30 August 2020

Privatized Post Office

There is a big uproar about how USPS is not profitable. And current Postmaster General is excusing the changes he is doing by attempts to make USPS profitable. I call that bulls… t, but that is the topic for a different post. 

There are also grumblings that privatization of the service would make it better. 

It will not.

I’ve seen it happen. 

In another country. 

Let me tell you how privatization of the Post office there went. Before privatization, the post office was functioning, and was cheap enough that during the holiday season the only worry was to make sure that your holiday card is postmarked BEFORE your relatives send theirs to you! It was a bit of ridiculous competition, but I guess people need to have fun. 

Then the war came, the government and all government-funded services collapsed. The postal office was among them. There was a great excuse, “It’s war, what do you expect!”

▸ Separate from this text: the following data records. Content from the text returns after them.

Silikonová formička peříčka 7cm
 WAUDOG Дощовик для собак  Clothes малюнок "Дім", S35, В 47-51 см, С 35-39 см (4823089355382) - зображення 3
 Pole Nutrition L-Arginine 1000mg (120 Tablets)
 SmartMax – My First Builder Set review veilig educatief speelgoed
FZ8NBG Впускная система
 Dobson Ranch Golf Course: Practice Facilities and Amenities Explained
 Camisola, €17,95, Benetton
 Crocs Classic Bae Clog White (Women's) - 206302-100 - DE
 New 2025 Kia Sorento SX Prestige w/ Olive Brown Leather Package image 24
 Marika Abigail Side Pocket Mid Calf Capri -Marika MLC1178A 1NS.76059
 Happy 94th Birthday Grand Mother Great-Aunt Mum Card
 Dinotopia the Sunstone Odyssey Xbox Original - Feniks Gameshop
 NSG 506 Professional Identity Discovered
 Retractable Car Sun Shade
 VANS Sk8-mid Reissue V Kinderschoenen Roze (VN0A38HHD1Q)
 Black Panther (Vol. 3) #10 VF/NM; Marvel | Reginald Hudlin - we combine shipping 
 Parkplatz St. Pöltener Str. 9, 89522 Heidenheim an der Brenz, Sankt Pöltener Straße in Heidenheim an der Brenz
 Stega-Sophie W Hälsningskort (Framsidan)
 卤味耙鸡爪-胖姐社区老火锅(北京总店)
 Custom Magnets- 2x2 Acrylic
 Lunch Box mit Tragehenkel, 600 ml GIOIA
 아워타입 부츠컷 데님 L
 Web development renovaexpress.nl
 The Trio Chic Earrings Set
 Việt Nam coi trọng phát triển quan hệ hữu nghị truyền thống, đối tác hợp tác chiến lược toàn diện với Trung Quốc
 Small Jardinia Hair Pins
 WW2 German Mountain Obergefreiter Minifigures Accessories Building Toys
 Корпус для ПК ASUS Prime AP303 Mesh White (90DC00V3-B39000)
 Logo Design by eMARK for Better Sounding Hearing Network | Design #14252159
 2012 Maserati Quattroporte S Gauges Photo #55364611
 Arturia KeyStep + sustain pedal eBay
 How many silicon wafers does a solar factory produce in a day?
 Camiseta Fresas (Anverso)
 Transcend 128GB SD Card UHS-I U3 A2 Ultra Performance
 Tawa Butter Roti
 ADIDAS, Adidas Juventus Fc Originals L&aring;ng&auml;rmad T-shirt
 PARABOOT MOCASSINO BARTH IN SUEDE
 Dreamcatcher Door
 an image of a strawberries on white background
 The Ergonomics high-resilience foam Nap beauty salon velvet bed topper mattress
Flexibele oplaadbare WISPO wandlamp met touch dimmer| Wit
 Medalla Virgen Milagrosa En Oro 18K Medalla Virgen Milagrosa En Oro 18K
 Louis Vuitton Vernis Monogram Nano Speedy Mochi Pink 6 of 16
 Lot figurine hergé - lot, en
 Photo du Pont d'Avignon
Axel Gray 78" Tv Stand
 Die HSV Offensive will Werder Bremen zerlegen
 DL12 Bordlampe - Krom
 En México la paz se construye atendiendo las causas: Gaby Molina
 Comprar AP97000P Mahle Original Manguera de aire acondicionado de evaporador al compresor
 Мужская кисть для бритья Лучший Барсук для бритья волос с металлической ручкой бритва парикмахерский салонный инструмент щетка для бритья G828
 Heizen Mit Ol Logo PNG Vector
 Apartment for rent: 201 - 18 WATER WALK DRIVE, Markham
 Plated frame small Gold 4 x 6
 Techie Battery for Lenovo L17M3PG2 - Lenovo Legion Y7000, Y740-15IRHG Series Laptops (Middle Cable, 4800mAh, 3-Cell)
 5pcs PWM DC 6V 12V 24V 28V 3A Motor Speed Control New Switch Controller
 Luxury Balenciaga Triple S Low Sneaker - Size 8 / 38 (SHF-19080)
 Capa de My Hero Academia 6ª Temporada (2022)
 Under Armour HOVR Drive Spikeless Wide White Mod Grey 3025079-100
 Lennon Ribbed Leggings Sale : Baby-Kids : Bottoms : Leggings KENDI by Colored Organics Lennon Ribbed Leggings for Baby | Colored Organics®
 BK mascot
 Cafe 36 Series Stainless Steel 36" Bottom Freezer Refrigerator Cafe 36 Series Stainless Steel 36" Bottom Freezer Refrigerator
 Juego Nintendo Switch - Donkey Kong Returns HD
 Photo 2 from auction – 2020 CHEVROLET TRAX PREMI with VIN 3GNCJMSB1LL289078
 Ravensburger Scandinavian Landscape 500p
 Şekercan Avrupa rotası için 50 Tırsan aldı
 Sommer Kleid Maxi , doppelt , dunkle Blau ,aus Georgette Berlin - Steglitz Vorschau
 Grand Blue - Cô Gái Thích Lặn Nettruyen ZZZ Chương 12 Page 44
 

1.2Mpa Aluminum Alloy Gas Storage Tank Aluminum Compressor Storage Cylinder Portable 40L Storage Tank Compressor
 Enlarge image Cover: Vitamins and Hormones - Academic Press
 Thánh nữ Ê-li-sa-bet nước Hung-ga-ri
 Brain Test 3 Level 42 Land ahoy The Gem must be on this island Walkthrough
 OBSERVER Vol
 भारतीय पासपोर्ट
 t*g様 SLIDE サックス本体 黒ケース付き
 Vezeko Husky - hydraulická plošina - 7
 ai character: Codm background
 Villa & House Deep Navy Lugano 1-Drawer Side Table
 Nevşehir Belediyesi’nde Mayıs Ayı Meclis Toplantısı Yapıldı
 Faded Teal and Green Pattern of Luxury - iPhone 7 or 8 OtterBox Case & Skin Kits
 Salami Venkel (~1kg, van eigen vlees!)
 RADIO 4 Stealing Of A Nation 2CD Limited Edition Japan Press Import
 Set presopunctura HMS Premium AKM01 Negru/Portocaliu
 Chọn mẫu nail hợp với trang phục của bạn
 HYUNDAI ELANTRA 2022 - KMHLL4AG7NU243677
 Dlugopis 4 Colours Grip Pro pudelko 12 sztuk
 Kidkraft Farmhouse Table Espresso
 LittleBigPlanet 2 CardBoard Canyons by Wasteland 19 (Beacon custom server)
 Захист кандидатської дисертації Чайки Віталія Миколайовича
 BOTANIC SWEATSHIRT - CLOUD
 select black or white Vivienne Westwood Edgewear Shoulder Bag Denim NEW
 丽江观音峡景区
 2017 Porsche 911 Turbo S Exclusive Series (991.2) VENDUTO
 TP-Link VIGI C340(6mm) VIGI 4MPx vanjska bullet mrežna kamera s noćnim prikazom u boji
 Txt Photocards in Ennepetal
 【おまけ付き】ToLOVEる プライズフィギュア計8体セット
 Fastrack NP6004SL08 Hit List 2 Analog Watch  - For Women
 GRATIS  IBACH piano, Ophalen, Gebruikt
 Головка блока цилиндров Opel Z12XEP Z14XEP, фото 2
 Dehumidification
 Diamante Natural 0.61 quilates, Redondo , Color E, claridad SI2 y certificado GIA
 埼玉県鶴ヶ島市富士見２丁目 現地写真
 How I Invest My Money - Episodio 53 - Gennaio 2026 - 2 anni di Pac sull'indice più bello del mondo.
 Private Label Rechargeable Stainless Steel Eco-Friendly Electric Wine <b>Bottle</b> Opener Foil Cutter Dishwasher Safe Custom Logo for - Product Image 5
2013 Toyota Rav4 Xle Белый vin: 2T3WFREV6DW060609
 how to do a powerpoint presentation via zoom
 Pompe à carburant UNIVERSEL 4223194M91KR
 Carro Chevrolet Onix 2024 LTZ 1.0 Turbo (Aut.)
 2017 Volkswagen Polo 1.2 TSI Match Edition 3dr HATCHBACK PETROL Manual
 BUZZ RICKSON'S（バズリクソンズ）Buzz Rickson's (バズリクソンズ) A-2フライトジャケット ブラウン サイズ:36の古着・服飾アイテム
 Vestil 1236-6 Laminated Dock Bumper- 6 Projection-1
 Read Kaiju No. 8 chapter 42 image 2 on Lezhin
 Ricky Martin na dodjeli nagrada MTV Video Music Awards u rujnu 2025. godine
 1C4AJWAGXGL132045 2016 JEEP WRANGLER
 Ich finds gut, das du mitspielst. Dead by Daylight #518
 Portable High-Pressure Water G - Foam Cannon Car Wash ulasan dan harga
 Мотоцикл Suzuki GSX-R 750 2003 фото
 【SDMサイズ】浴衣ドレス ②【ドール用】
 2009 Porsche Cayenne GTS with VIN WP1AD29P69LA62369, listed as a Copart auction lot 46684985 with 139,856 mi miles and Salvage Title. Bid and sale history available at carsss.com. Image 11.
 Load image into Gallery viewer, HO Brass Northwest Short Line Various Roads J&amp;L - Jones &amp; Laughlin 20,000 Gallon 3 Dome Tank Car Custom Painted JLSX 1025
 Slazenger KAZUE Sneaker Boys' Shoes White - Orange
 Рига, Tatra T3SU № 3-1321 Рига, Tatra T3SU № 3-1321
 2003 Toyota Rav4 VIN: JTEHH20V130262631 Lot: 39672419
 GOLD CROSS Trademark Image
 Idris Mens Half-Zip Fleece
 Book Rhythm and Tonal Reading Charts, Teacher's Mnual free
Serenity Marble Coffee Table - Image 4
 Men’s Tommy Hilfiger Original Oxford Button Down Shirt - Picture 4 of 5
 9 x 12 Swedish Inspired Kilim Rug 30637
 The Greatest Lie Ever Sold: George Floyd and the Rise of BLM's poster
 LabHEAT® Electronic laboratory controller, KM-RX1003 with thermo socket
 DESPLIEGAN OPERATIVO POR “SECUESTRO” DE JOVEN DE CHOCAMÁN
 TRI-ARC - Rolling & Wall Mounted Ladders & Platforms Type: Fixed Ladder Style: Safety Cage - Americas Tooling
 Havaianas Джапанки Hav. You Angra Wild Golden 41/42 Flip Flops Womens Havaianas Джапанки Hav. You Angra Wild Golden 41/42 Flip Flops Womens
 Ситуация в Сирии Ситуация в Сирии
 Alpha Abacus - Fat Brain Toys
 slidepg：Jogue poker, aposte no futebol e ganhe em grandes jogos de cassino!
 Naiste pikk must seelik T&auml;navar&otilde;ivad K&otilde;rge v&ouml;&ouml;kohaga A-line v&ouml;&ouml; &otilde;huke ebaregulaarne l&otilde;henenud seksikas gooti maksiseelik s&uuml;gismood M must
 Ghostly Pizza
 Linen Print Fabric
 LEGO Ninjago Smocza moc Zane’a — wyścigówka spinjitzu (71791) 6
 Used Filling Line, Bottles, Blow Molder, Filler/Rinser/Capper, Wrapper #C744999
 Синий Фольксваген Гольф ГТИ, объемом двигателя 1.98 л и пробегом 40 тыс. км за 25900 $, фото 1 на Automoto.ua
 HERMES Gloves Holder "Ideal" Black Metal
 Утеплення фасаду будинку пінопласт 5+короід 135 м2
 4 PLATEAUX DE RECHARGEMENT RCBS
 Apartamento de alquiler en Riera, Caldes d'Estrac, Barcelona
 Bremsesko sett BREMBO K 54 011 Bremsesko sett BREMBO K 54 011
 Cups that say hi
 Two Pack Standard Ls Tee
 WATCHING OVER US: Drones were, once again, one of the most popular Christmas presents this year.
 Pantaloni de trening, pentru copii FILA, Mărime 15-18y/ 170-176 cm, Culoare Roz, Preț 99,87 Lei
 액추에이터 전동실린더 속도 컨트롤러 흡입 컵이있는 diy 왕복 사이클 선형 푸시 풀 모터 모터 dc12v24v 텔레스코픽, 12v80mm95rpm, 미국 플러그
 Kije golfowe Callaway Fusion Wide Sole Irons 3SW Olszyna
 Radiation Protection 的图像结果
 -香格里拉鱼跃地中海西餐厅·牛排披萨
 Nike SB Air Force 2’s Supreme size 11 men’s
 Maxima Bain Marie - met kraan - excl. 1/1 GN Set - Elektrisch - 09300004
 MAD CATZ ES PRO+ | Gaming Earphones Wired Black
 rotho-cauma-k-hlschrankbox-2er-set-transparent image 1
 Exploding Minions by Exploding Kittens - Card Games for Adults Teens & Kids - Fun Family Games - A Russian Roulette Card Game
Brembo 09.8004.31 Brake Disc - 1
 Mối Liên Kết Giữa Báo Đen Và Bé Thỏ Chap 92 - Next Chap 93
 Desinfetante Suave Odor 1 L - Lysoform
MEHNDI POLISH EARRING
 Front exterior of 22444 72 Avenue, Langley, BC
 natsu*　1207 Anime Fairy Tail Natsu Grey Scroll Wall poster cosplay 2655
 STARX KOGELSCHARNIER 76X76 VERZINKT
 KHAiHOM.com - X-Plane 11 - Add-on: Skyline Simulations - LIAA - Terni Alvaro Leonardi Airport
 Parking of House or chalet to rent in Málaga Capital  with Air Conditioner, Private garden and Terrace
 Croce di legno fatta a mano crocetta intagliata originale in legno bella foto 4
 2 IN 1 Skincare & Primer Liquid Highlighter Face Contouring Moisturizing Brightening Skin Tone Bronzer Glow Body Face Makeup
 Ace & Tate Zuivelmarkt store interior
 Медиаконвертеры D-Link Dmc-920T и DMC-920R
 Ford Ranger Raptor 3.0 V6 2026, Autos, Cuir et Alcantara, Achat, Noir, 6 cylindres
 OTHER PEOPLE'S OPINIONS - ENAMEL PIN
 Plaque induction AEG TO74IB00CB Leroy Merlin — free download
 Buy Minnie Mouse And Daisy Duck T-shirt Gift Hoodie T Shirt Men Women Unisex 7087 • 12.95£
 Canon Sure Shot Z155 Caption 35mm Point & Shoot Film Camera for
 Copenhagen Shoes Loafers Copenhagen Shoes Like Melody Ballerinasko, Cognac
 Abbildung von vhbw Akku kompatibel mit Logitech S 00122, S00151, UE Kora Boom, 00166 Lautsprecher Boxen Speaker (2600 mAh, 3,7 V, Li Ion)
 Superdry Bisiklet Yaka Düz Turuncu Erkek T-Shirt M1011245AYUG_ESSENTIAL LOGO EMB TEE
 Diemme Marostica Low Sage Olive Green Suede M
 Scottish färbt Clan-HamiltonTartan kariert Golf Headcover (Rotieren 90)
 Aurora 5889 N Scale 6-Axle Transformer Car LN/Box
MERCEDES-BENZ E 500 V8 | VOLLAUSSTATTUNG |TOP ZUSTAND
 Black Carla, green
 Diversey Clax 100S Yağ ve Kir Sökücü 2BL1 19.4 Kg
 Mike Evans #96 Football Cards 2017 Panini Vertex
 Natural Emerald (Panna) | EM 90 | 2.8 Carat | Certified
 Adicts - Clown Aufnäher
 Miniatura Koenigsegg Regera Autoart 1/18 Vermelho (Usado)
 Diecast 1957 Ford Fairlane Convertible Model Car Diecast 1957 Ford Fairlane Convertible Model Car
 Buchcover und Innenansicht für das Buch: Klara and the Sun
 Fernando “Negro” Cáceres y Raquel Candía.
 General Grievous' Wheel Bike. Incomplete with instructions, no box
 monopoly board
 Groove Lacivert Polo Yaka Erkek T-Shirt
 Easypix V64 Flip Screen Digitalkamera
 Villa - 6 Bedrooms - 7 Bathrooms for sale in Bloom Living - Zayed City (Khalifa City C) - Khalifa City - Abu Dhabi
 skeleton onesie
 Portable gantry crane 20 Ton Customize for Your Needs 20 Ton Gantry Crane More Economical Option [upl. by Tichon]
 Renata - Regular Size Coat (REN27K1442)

I will not describe how pathetic postal service was during the war. Again, it was the war, and yes, sometimes it took 2 years for a letter to arrive from abroad. 

My brother received one of those. Fun.

Then war was over, and the general rush to privatize everything started. 

The post office was one target. 

It did not go well.

Because of war, people were poor, no jobs, so few of them send stuff through post. And prices climbed up. Last time I visited the country, in 2015, to send one postcard one had to pay around 0.003% of the median salary. 

For people who do not understand percentages, that’s like if you have median US salary of $4147 per month and you have to pay for postcard $13.47, letter abroad would cost you $25.92 and if you tried to send a standard package, shell out $580.58

You can guess what happened. People stopped using the post. If one needed to send anything to anyone, that person would find a friend or acquaintance and sent the package through them. 

Letters were not sent at all, because the post office is not only expensive but unreliable too.

With most of the population around the poverty line, it is common practice for postal workers to open letters and packages and steal content. And if there is nothing to steal, the letter is tossed in the trash to eliminate evidence. 

When I send holiday cards to my relatives in the old country, I do not close the envelope, if I do, they do not receive it. I get no cards from them, and because of the prices, I do not expect any cards. 

Serious documents are sent, usually with a return receipt, like correspondence from courts. That passes, but for one to send something to the court, boy, it is safer and smarter just to bring that to the court yourself.

Courier services exist. There is FedEx there, UPS, and a European version of USP, DHS. When I was there, I needed to send some documents abroad, and I had to pay for that pleasure approximately 0.345% of the local average income. Or to translate it to the USA salary range, an equivalent of $1430.72.

Actually, it was more expensive to send a document from my country of origin to the USA than from the USA to send the same document to my country of origin. I know, I checked. 

It pisses me off big time. 

This all the above is for urban centers. Fun is immense if you are living in a rural area. Courier services do not deliver in rural areas. They send you a notice, through the standard post office, that there is a shipment for you to pick up. And there is no standard post office delivery either. 

As a rural resident, you get a code, not a PO box, but a code, and you have to go to the assigned post office to pick up your own mail from time to time. 

The real trouble arose with shrinking profits. Because profits shrank, small post offices in various villages closed. So residents had to go to, first, bigger villages, and then, to the small towns, and then to bigger towns. See, no one trusts the post office anymore. No one sends anything, and because shareholders wish to profit, more staff and offices get closed. Only with shrinking post office investors can get some dividends. 

Quickly people learned that sending anything of value through the mail is equal as throwing it in the trash, and with rising prices of postage, even standard silly stuff, like holiday or birthday cards ceased. You can send text messages, or call, if a person is important, or send their wishes on Facebook. That’s free. 

And prices rose, and small post offices got closed down. 

Another illustration of how the situation is bad. Amazon does not send any packages to my country of origin. The only thing people there can buy from Amazon are digital deliveries (eBooks, music, downloadable movies, stuff like that). 

There is still a post office in my country of origin. As my relatives die, I get notification from the court in an envelope that confuses postal workers here. So I know there is still some kind of post office there. 

But it never got profitable after privatization. 

It got destroyed instead. 

Because the constitution of my country of origin does not state that the government has to establish a post office. 

You in the USA are lucky, your constitution says that. People in the USA have a recourse to save the post office.